Our Second Visit to Wabasha, Minnesota
25 July 2005 | by theowinthropSee all my reviews

Sequels are rarely half as good as the original film. Matthau and Lennon would prove this at the tale end of their film partnership with THE ODD COUPLE PART II. But it has happened. ANOTHER THIN MAN is as good a film as THE THIN MAN. Vincent Minelli's follow up to FATHER OF THE BRIDE may lack the satire of weddings the original had, but FATHER'S LITTLE DIVIDEND is well made and entertaining in it's own right. And then there is this film. Of the first movie, GRUMPY OLD MEN, I have made a comment elsewhere. GRUMPIER OLD MEN is a neat follow-up, as we find how Max Goldman (Matthau) finds his new mate, Maria Ragetti (Sophia Loren). It also settles the future of Max's son Mayor Jacob Goldman (Kevin Pollak) and John Gustafson's (Lemmon's) daughter Melanie (Darryl Hannah), and gives a bitter-sweet farewell to John's father (Burgess Meredith).

I think the reason the sequel works is that there is a sense of time and continuity here that is not usually found. In GRUMPY OLD MEN, the reactions of Lemmon and Matthau to the death of their close friend Chuck (Ossie Davis), who had only recently been their rival for Ariel (Ann-Margaret) showed them to be human beings - not just two good comic actors trading insults for yucks. Here, it is watching the final scenes of Grandpa Gustafson (ironically Burgess Meredith's final role - and a fittingly good one for that fine actor). In the first film Meredith was always acting like a wild authority figure: over ninety years old, but threatening to tan the hides of the middle aged Matthau and Lennon like they were still kids when he stops them fighting. Here we see him in several guises. He is a loving grandpa - he is seen telling Allie (Katie Sagona) the story of Goldilock and the Three Bears (with his own modern interpolations), and then singing "Dream a Little Dream of Me" to put her to sleep. He is vulgar, but in a loving, sensible way. When Allie swallows a quarter, he suggests that it is normal - all kids swallow or try to swallow coins - and one only should worry if the kid excretes two dimes and nickel. He loves sexual encounters (in the first film he suggests that if Lemmon and Matthau can't get Arial he can!). Here he meets somebody to romance (Anne Gilbert), and they have a nice time together. But it is a brief one. Having reached 95, God finally comes for Grandpa, and his death manages to bring the other characters from cross purpose quarrels to sanity. It also brings the sweet image of Gilbert depositing a rose over the spot that Grandpa's ashes are scattered.

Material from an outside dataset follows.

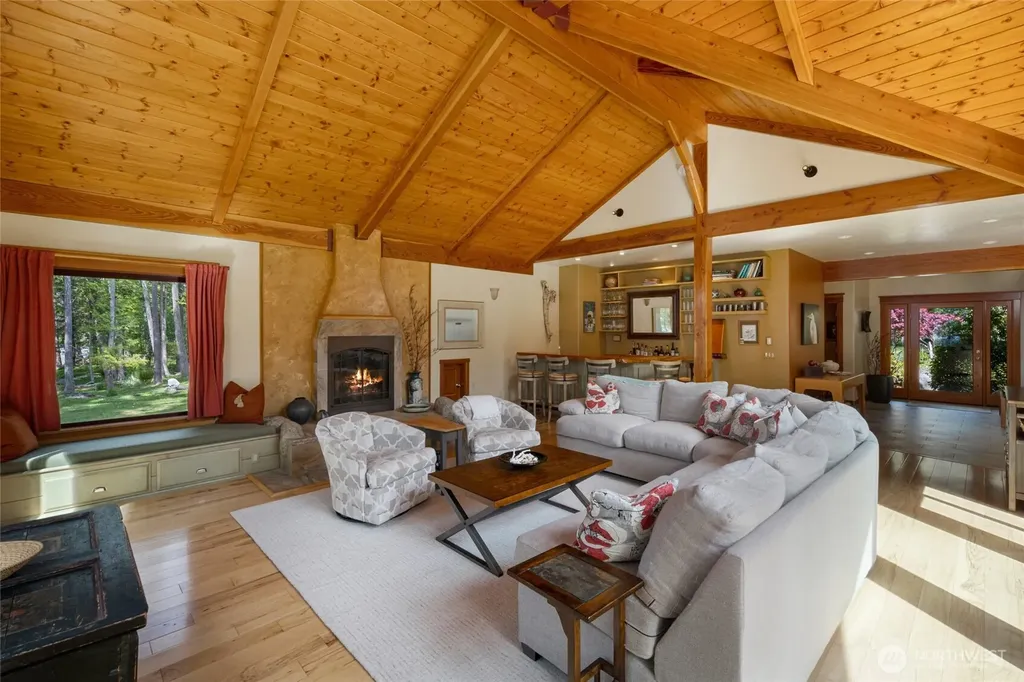1920 White Point Road Friday Harbor WA 98250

The continuity theme is also in the portion about "Catfish Hunter" the local lake legendary catfish. Grandpa tells John, at one point, that the catfish was old when he was a boy (which begs the question, why did they name the catfish after a major Yankee baseball player of the 1970 teams? - long after Grandpa's youth). The locals all hope to catch the fish and mount it on their walls. We see it at one point jumping late at night, alone, into the air and back into the late in the glorious moonlight - the monarch of the lake. But at the end, when the catfish is caught by Matthau and Lemmon together, Lemmon (probably influenced by Ann-Margaret, who did the same thing in the first film) gets Matthau to agree to return the catfish to the lake, where it can join Grandpa's ashes. So the legend is returned to it's base.

Even in the final moments of the film, with another marriage and a joke reminiscent of the first film's conclusion, suggests continuity. So there is a type of structural vigor in the two films, that strengthens their stories and increases the viewers pleasure watching them. Yes indeed, this is one sequel that works very well.